Your trees and yard are sure nice. I've never heard of cottonless cottonwood tree. I'd love to have a cottonwood tree but they don't seem to be very popular in the east coast.

Thanks for the recipe. Looks and sounds great.

Still hope to drop in to take advantage of your free internet service one of these day.

Lee said...


Life Looms Large said...

Those trees are doing great. Do you water them???

I've heard different people talking about wanting to eat purslane, but I didn't realize that book is stirring up interest in it.

Thanks for the tip about toasting pine nuts in the microwave. I love toasted nuts (pecans, walnuts, pine nuts, whatever) on salad, and I don't like making extra heat to toast them in the summer. Good to know!

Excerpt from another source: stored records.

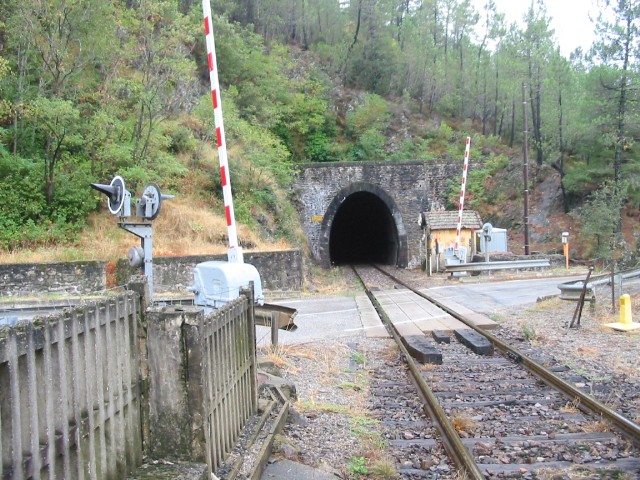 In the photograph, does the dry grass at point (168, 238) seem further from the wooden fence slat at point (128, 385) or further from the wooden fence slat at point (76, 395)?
the wooden fence slat at point (76, 395)

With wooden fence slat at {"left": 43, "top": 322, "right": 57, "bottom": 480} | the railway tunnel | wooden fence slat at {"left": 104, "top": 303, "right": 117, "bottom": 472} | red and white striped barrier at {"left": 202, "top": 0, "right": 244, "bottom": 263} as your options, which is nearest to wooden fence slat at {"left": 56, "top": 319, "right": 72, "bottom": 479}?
wooden fence slat at {"left": 43, "top": 322, "right": 57, "bottom": 480}

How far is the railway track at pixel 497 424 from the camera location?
442 cm

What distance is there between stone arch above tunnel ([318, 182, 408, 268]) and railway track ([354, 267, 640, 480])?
810 inches

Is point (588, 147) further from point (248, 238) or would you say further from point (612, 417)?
point (612, 417)

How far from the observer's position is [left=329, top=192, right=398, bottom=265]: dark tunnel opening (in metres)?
32.5

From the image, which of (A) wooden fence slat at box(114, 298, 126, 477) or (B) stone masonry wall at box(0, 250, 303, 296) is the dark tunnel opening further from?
(A) wooden fence slat at box(114, 298, 126, 477)

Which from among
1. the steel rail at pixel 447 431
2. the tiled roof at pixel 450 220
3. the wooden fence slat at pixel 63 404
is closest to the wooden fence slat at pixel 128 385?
the wooden fence slat at pixel 63 404

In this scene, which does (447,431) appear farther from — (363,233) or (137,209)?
(363,233)

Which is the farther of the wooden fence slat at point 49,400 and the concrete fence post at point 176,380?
the concrete fence post at point 176,380

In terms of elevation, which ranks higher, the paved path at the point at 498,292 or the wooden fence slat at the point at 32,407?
the wooden fence slat at the point at 32,407

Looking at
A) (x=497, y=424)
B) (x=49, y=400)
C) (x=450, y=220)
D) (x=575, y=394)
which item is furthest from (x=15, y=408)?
(x=450, y=220)

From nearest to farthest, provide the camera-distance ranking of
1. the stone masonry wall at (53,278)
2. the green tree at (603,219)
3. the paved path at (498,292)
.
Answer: the stone masonry wall at (53,278), the paved path at (498,292), the green tree at (603,219)

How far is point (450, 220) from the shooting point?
84.3ft

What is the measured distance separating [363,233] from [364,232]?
30cm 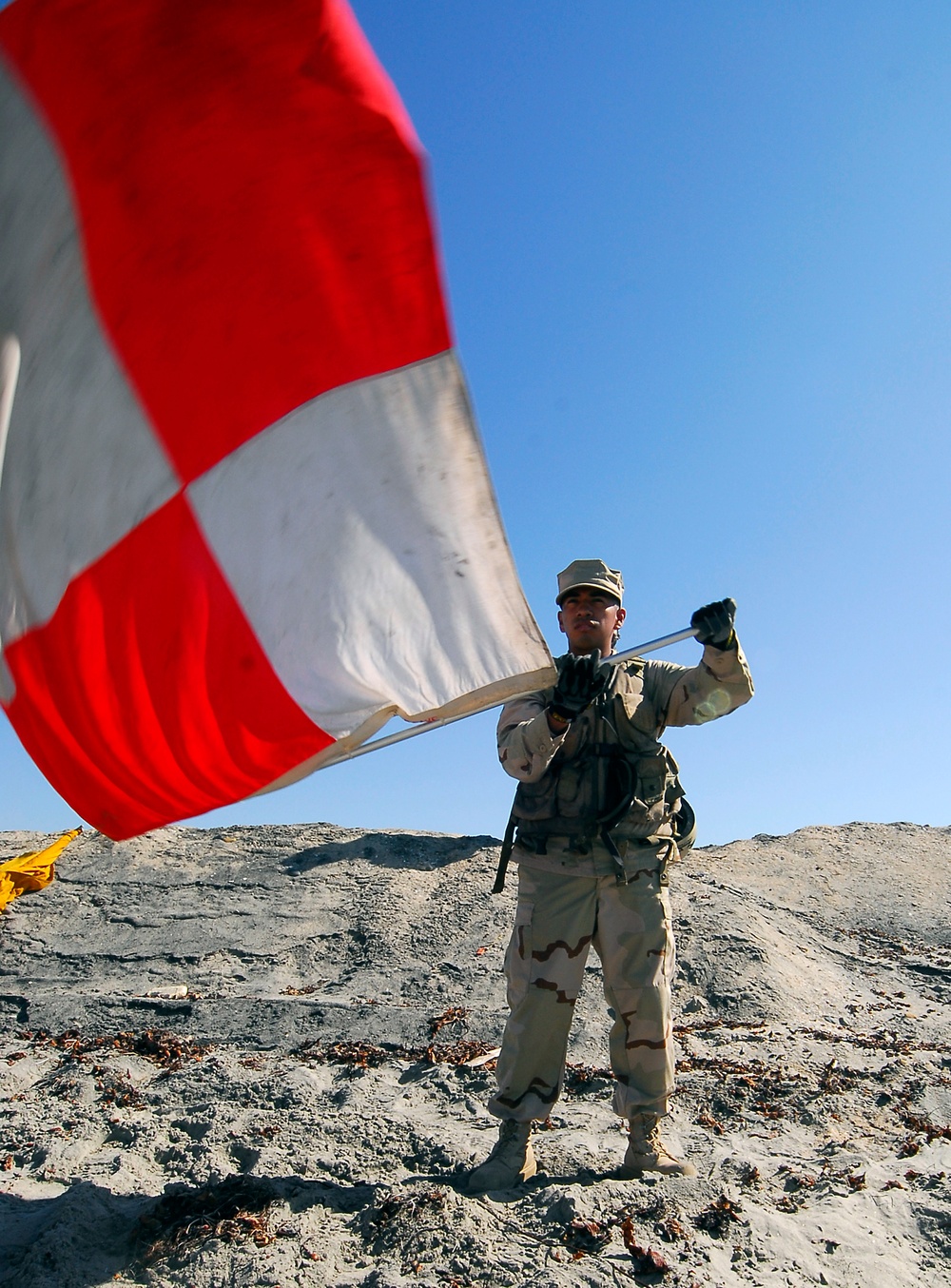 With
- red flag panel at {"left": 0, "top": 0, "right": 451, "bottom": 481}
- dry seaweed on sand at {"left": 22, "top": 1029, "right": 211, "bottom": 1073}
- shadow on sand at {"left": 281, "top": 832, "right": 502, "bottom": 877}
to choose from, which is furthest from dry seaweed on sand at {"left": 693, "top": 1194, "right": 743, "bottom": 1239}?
shadow on sand at {"left": 281, "top": 832, "right": 502, "bottom": 877}

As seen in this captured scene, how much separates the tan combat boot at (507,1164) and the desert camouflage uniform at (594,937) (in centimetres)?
5

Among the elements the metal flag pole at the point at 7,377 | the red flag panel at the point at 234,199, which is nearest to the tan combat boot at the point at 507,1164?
the red flag panel at the point at 234,199

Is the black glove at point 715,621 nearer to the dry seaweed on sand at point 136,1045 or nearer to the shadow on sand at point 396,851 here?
the dry seaweed on sand at point 136,1045

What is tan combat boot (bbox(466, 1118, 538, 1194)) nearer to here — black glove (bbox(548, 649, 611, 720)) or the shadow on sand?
black glove (bbox(548, 649, 611, 720))

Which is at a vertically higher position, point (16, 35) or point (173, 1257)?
point (16, 35)

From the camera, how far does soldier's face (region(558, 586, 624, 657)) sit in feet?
10.7

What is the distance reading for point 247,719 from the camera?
7.25ft

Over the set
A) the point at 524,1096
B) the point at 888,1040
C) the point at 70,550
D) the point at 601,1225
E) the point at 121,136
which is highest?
the point at 121,136

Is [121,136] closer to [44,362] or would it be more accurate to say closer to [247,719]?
[44,362]

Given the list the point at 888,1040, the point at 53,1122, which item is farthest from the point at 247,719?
the point at 888,1040

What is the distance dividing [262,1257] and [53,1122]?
1.70m

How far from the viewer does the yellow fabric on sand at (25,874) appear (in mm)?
7500

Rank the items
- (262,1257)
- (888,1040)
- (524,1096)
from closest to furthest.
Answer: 1. (262,1257)
2. (524,1096)
3. (888,1040)

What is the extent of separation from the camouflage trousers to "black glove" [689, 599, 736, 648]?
90 cm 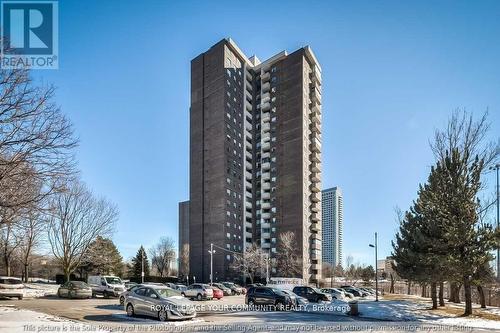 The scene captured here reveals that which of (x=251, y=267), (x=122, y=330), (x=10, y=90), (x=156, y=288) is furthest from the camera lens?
(x=251, y=267)

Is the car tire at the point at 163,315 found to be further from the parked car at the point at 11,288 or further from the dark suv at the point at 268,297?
the parked car at the point at 11,288

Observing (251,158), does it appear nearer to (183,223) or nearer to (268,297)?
(183,223)

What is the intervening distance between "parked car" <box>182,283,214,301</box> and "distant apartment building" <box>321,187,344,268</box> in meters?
124

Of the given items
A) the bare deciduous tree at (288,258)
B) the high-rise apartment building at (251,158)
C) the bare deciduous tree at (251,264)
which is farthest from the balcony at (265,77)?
the bare deciduous tree at (251,264)

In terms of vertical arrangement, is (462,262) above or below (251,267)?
above

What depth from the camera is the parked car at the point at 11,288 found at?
2958cm

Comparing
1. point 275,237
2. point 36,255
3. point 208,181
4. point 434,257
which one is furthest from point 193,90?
point 434,257

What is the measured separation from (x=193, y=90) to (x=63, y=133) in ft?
300

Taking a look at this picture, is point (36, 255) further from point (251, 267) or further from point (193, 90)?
point (193, 90)

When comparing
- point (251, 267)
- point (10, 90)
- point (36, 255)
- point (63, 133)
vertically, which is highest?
point (10, 90)

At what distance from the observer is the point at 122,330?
50.6 ft

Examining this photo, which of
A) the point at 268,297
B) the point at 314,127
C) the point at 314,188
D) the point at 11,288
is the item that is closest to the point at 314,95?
the point at 314,127

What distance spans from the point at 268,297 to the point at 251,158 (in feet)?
257

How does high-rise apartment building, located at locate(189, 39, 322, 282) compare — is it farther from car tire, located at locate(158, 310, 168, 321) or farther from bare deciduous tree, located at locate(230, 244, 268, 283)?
car tire, located at locate(158, 310, 168, 321) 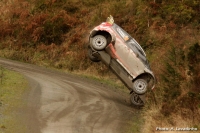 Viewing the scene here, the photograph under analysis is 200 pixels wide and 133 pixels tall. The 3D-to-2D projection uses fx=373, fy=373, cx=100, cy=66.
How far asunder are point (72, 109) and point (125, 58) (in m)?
4.09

I'm having a bout of lavender insecurity now. I don't do anything to mine - no trimming or anything - and it comes out kind of squiggly - not with all those nice straight stalks. Should I be clipping it back or something in the fall/winter/spring??? Or, maybe my question is, what do you to so your lavender grows like that?


Sharon said...

Oh shoot, I just happened to re-read my post and realized that I included a recipe. I tell everyone that I don't bring home-cooking to potlucks because I *don't* cook - I just played my hand.

Life Looms Large said...

That cracks me up about the recipe/potluck thing!!! Blogs have that tendency to make you want to tell all!! (Or some at least!)

Thanks for following up on my question about irrigation. Your yard looks great!!